INSTRUCTIONS TO FOLLOW: Take the entries below and retype them word for word, excluding the images.

(Image-caption web data)
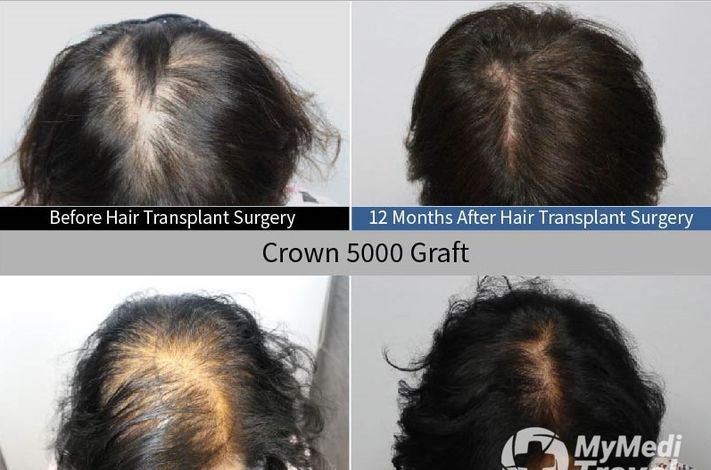 Moaman Hair Transplant Clinic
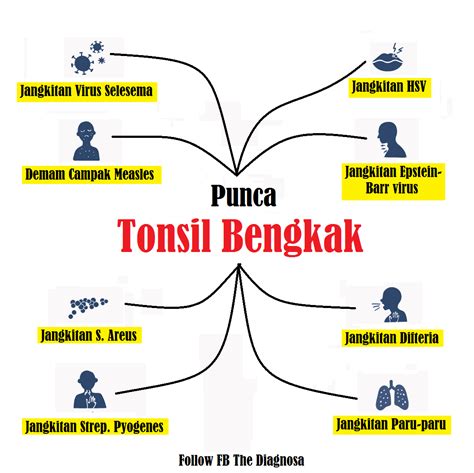 Tonsil Bengkak Punca Simptom Dan Rawatan Yang Anda Perlu Tahu Porn Sex Picture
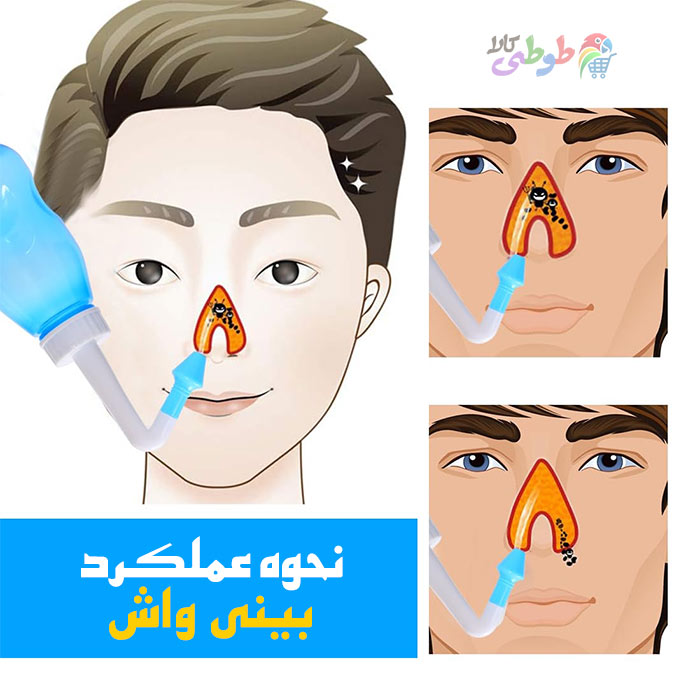 نحوه عملکرد بینی واش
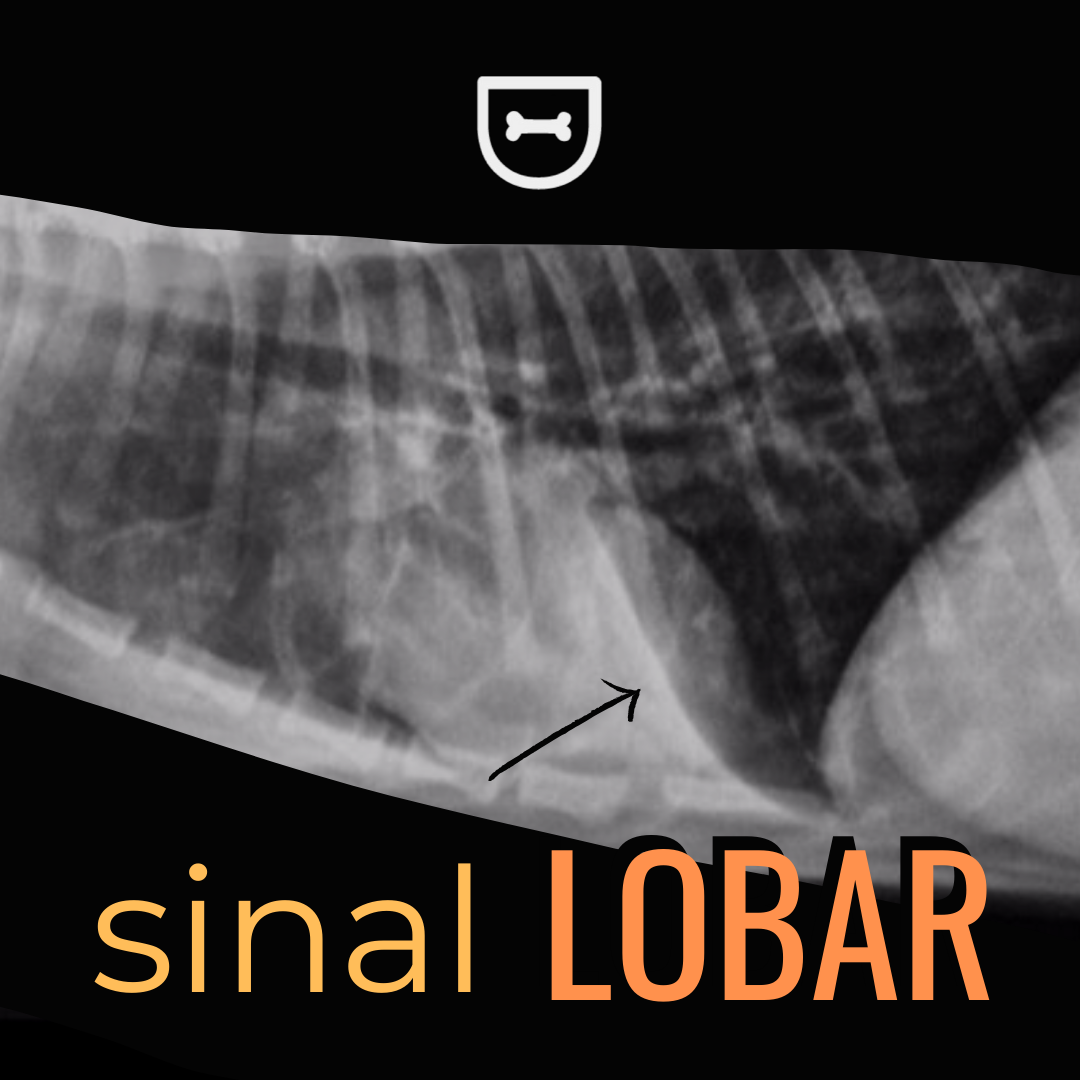 UniRadio - ☢Chamamos de sinal lobar o achado radiográfico...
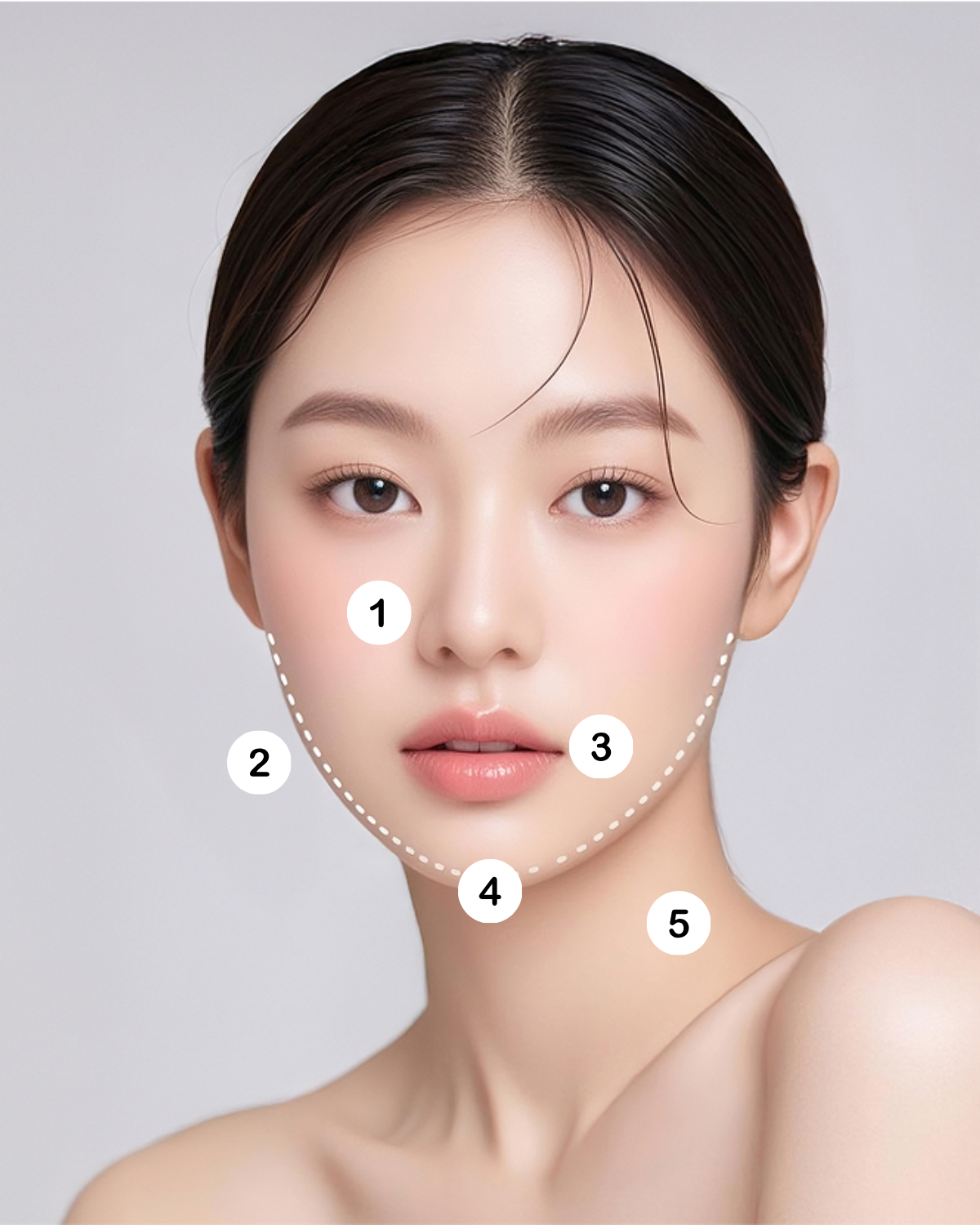 Thread Lifting in Korea at SH Clinic Gangnam Seoul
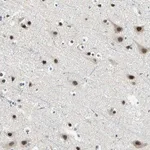 Merck Anti-MTA1 antibody produced in rabbit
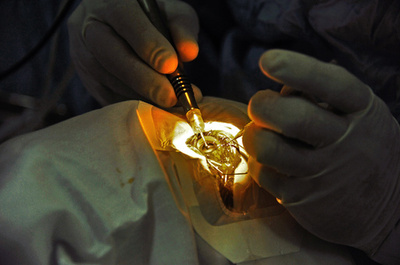 白内障に「点眼薬」、手術なしの治療に期待 研究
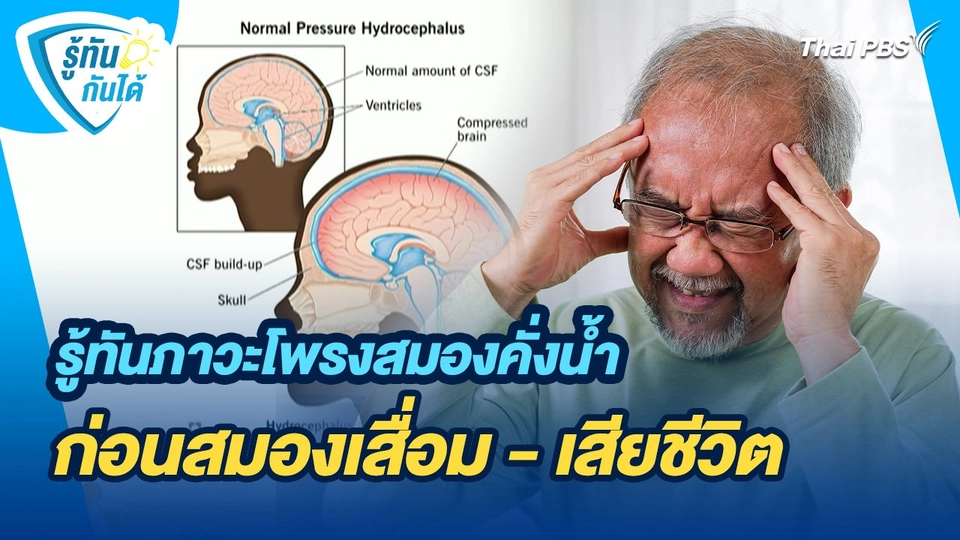รู้ทันกันได้ : รู้ทันภาวะโพรงสมองคั่งน้ำ ก่อนสมองเสื่อม - เสียชีวิต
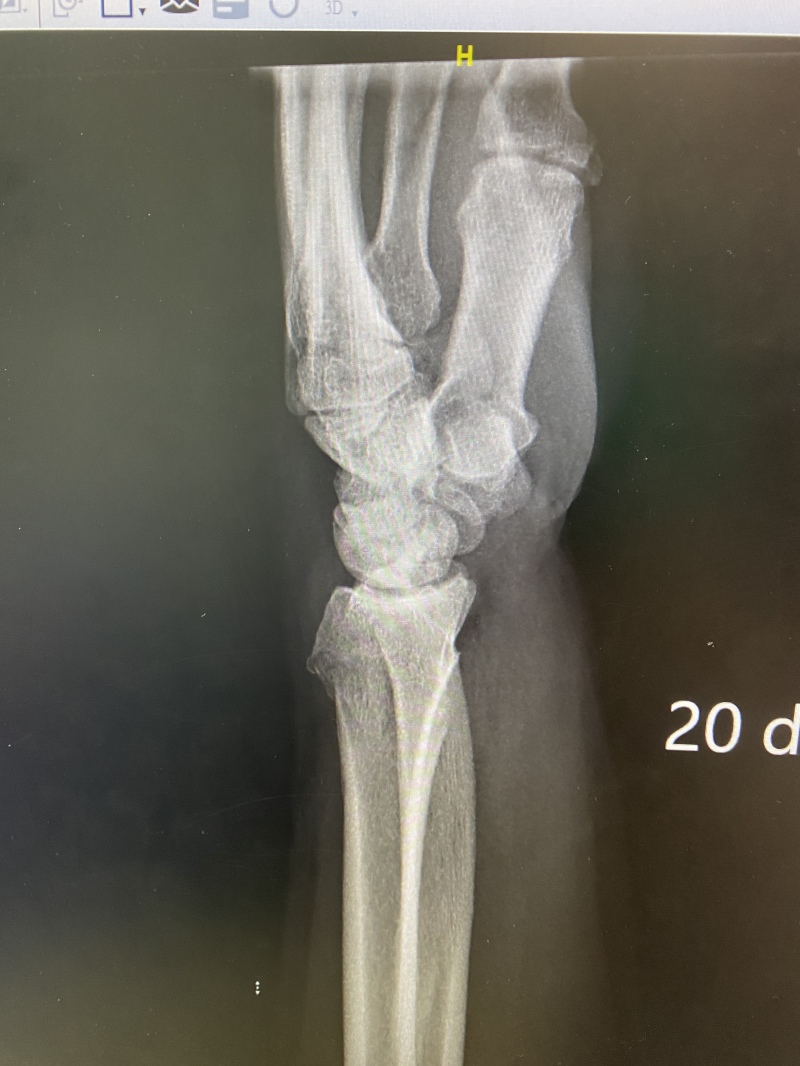 2022/06(June)/Suzi-Broken-Arm/800x600_2022-06-12-Suzi-Broken-Arm-scraped-knee-03.JPG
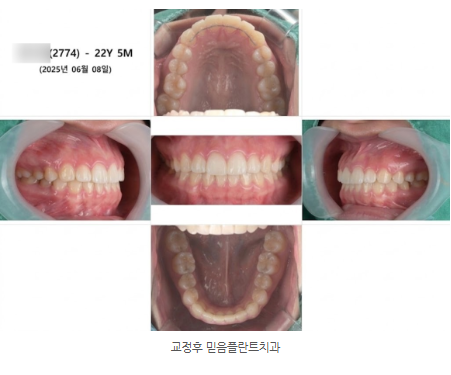 앞니 교정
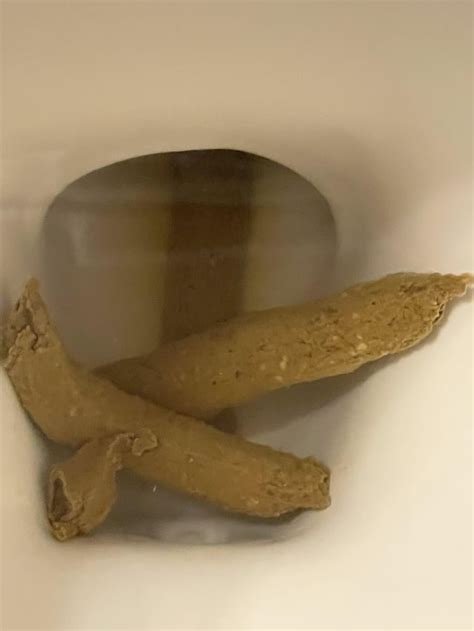 What Is The White Spots R Poop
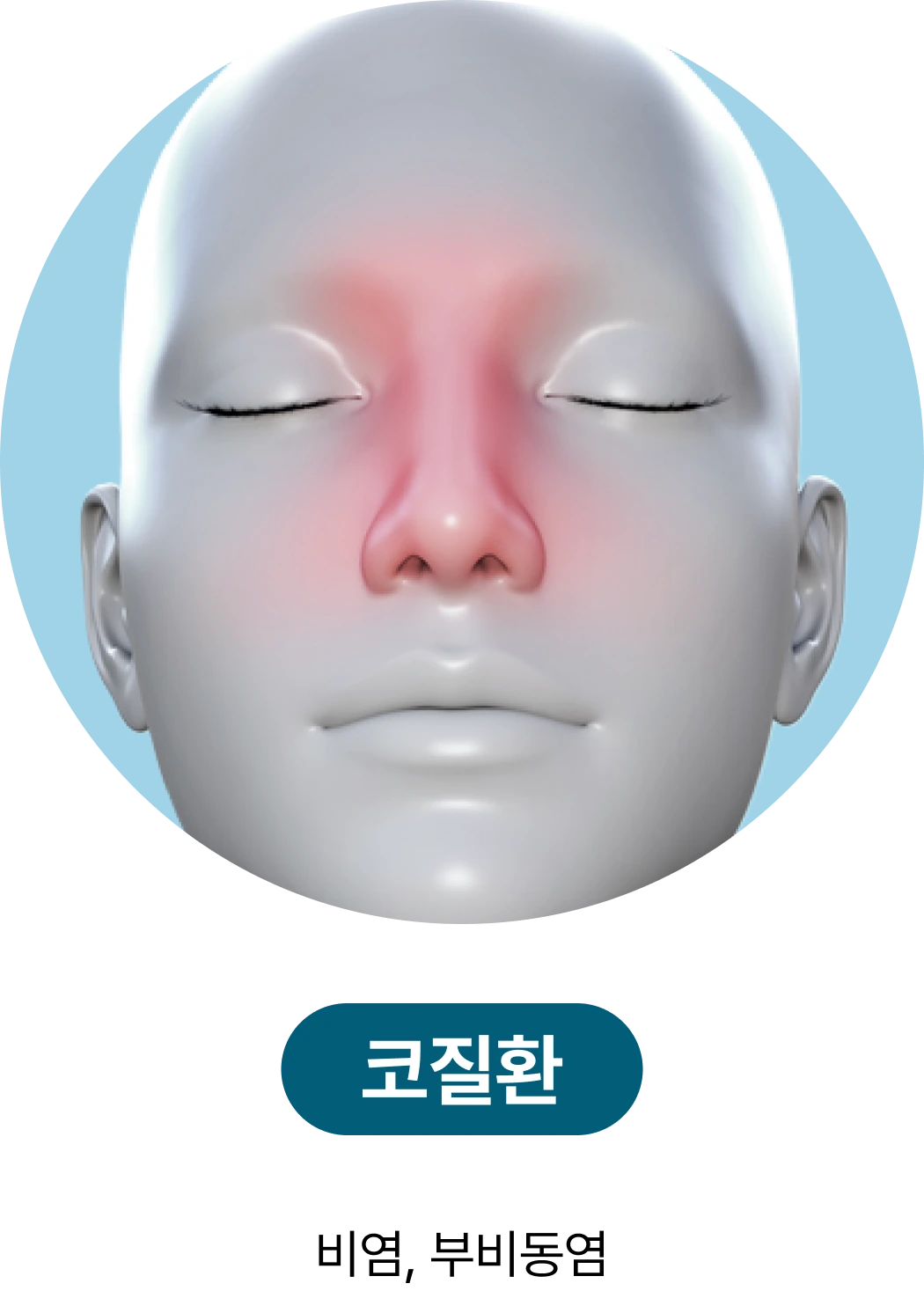 코질환: 비염, 부비동염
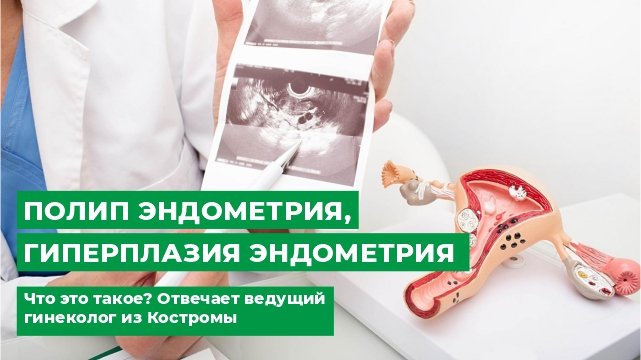 Полип эндометрия гиперплазия эндометрия. Что это такое. Отвечает ведущий гинеколог из Костромы.
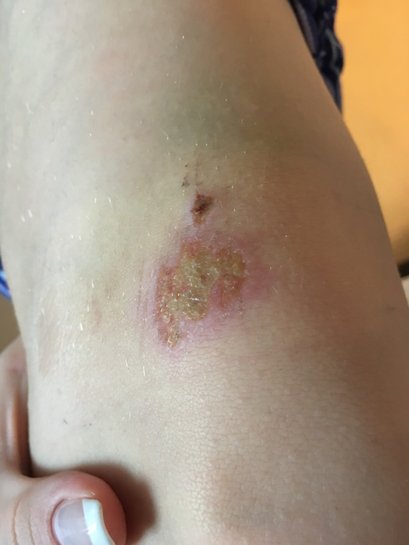 Scraped Knee Infection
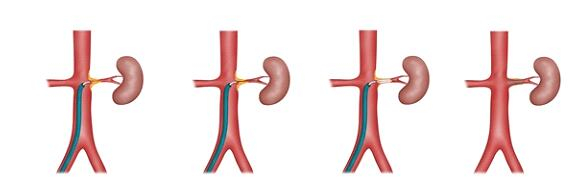 图4:肾动脉狭窄球囊扩张支架植入术示意图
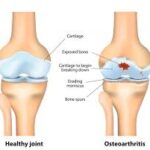 Gabapentin 300mg Joints from Osteoarthritis Pain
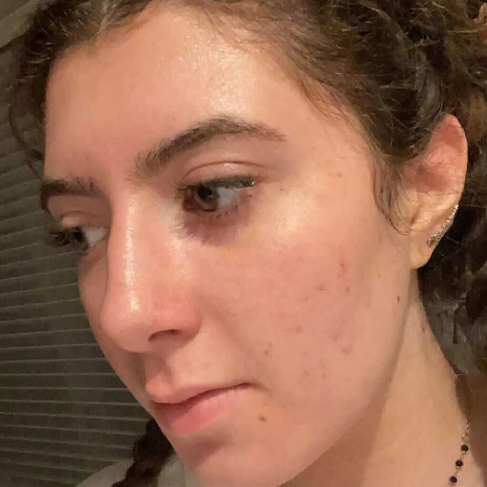 PanOxyl Acne Foaming Wash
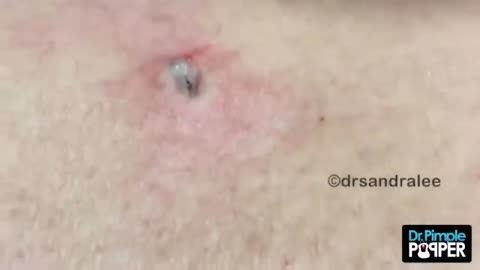 The BEST OF Softpops 2015 for 2018 Part 1 Dr Pimple Popper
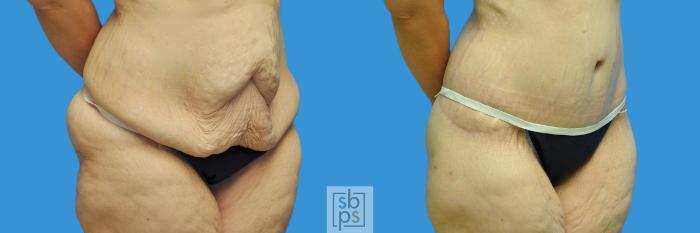 Before & After Tummy Tuck Case 124 View #2 View in Torrance, CA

REPLY TO THE EXERCISE:
 Moaman Hair Transplant Clinic
 Tonsil Bengkak Punca Simptom Dan Rawatan Yang Anda Perlu Tahu Porn Sex Picture
 نحوه عملکرد بینی واش
 UniRadio - ☢Chamamos de sinal lobar o achado radiográfico...
 Thread Lifting in Korea at SH Clinic Gangnam Seoul
 Merck Anti-MTA1 antibody produced in rabbit
 白内障に「点眼薬」、手術なしの治療に期待 研究
รู้ทันกันได้ : รู้ทันภาวะโพรงสมองคั่งน้ำ ก่อนสมองเสื่อม - เสียชีวิต
 2022/06(June)/Suzi-Broken-Arm/800x600_2022-06-12-Suzi-Broken-Arm-scraped-knee-03.JPG
 앞니 교정
 What Is The White Spots R Poop
 코질환: 비염, 부비동염
 Полип эндометрия гиперплазия эндометрия. Что это такое. Отвечает ведущий гинеколог из Костромы.
 Scraped Knee Infection
 图4:肾动脉狭窄球囊扩张支架植入术示意图
 Gabapentin 300mg Joints from Osteoarthritis Pain
 PanOxyl Acne Foaming Wash
 The BEST OF Softpops 2015 for 2018 Part 1 Dr Pimple Popper
 Before & After Tummy Tuck Case 124 View #2 View in Torrance, CA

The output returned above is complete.